### ACTIVITY
Print, in exact form, the lines below from the one containing "疯狂的鸽子(快手热游) 疯狂的鸽子(快手热游)" through the one containing "Un Myotis daubentonii", and omit all others.

### WORKING DATA
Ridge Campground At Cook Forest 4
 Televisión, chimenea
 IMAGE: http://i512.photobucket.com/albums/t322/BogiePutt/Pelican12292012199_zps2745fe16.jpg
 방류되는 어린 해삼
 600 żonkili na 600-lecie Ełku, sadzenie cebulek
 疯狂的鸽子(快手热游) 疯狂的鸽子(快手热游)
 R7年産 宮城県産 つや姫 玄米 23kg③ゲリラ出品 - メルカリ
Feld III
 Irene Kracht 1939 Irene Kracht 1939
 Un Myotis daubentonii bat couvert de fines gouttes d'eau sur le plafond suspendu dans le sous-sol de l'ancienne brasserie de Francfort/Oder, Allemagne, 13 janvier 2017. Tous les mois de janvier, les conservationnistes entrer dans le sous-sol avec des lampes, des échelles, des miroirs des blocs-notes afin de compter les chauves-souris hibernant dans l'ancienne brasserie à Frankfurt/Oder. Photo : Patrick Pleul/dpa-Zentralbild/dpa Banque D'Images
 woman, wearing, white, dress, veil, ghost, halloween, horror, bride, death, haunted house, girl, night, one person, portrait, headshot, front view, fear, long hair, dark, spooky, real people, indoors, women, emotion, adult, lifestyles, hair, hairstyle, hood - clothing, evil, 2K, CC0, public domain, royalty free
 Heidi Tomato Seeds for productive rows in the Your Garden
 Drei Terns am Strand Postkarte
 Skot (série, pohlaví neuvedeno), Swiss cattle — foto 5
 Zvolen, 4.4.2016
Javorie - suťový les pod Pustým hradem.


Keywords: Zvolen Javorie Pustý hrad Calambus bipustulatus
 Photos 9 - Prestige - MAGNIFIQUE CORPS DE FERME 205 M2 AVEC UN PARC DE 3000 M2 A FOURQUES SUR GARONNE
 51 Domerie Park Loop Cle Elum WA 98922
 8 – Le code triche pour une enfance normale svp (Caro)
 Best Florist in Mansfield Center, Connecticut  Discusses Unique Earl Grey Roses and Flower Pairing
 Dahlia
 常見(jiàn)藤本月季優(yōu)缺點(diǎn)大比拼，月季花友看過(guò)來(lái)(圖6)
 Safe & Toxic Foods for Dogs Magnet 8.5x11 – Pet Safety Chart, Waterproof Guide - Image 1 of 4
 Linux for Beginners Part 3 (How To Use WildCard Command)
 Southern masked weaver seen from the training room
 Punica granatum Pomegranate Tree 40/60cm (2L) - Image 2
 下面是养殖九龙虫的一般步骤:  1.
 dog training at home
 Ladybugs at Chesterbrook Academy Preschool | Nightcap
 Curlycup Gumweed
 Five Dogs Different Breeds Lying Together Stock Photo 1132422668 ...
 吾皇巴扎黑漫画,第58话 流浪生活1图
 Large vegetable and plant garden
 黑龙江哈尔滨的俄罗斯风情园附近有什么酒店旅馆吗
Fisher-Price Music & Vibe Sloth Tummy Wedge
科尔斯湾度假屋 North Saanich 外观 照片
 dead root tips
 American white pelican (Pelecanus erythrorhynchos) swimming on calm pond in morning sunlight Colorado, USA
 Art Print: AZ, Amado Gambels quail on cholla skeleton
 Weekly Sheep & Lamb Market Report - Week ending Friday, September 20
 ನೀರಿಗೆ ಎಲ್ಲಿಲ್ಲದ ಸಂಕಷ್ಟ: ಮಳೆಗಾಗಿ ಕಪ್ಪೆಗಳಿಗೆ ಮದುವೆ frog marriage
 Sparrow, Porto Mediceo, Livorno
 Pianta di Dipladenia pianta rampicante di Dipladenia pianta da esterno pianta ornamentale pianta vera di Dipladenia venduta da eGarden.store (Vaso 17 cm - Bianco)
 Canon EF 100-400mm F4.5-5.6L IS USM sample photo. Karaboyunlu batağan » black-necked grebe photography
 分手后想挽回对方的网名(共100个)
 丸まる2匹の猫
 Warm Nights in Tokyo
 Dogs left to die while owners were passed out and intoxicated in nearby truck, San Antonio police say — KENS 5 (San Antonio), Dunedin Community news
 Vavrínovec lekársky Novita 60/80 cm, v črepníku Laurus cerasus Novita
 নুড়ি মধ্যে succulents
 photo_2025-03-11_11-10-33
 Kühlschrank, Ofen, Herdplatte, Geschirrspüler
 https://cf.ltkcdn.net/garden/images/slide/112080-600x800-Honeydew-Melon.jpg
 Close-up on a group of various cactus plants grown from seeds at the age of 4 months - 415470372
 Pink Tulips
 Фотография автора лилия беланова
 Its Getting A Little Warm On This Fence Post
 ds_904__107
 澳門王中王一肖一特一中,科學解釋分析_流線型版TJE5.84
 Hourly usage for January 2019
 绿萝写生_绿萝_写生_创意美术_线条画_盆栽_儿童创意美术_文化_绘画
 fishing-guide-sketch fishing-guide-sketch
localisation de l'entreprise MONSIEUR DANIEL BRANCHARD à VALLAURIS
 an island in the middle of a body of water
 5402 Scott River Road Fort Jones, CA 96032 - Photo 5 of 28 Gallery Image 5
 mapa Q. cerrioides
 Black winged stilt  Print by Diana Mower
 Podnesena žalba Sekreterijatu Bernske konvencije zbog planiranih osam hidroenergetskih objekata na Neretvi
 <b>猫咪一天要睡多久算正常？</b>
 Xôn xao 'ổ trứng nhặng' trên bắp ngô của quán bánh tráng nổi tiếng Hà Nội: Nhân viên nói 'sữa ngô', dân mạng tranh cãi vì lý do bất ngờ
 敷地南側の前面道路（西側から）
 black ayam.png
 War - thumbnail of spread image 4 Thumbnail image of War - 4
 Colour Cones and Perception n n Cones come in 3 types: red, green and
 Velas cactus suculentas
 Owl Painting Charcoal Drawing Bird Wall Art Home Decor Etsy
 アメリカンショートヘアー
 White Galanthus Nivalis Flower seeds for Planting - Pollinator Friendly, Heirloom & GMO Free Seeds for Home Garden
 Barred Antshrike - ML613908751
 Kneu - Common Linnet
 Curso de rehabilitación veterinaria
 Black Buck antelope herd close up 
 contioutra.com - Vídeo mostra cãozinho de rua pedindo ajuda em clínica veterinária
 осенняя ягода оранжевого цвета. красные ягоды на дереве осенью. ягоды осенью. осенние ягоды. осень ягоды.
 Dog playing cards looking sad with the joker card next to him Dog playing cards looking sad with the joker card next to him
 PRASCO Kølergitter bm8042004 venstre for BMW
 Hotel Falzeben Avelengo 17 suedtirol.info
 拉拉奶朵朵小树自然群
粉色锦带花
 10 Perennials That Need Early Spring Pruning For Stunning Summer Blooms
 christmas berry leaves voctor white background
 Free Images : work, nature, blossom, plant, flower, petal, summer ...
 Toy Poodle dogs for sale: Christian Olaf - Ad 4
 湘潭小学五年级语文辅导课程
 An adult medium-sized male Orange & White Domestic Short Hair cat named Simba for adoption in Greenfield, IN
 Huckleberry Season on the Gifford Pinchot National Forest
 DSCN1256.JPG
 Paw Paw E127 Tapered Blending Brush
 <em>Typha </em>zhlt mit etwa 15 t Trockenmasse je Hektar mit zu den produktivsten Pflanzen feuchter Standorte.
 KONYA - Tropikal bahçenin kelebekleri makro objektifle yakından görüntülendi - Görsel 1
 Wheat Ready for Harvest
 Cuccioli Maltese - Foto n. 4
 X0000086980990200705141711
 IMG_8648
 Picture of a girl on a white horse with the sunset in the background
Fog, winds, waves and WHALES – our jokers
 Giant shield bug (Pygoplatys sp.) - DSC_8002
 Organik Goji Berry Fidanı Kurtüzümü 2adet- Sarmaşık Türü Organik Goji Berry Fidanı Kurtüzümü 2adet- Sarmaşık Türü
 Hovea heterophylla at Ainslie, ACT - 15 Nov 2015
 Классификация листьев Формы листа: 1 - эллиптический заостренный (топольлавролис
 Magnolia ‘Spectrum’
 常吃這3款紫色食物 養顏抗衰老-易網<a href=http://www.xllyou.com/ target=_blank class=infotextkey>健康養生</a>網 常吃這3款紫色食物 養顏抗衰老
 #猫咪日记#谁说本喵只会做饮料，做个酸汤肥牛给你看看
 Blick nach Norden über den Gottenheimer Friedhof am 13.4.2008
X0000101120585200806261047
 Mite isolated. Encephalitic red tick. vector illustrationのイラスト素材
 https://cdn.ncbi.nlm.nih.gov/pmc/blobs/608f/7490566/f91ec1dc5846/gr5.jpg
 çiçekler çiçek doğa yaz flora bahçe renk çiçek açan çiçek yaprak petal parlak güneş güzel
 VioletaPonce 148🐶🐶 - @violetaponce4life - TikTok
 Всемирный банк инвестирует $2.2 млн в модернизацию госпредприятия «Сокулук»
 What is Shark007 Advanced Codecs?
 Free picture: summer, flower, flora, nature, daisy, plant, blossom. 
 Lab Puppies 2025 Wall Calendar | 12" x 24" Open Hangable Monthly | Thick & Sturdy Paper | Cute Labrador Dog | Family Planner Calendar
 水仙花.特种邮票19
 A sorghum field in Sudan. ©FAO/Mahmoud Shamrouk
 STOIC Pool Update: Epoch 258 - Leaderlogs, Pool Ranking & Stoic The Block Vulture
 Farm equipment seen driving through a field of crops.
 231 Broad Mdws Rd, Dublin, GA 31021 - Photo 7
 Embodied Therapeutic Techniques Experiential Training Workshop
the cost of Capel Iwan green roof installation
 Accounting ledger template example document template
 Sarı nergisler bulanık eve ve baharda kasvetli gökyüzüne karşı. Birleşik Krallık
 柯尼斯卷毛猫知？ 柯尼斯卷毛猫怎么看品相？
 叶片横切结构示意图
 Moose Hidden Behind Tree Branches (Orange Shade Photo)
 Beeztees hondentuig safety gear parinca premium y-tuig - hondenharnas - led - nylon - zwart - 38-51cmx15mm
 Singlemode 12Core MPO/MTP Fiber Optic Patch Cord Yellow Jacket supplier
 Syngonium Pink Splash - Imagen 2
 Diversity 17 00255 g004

### TASK OUTPUT
 疯狂的鸽子(快手热游) 疯狂的鸽子(快手热游)
 R7年産 宮城県産 つや姫 玄米 23kg③ゲリラ出品 - メルカリ
Feld III
 Irene Kracht 1939 Irene Kracht 1939
 Un Myotis daubentonii bat couvert de fines gouttes d'eau sur le plafond suspendu dans le sous-sol de l'ancienne brasserie de Francfort/Oder, Allemagne, 13 janvier 2017. Tous les mois de janvier, les conservationnistes entrer dans le sous-sol avec des lampes, des échelles, des miroirs des blocs-notes afin de compter les chauves-souris hibernant dans l'ancienne brasserie à Frankfurt/Oder. Photo : Patrick Pleul/dpa-Zentralbild/dpa Banque D'Images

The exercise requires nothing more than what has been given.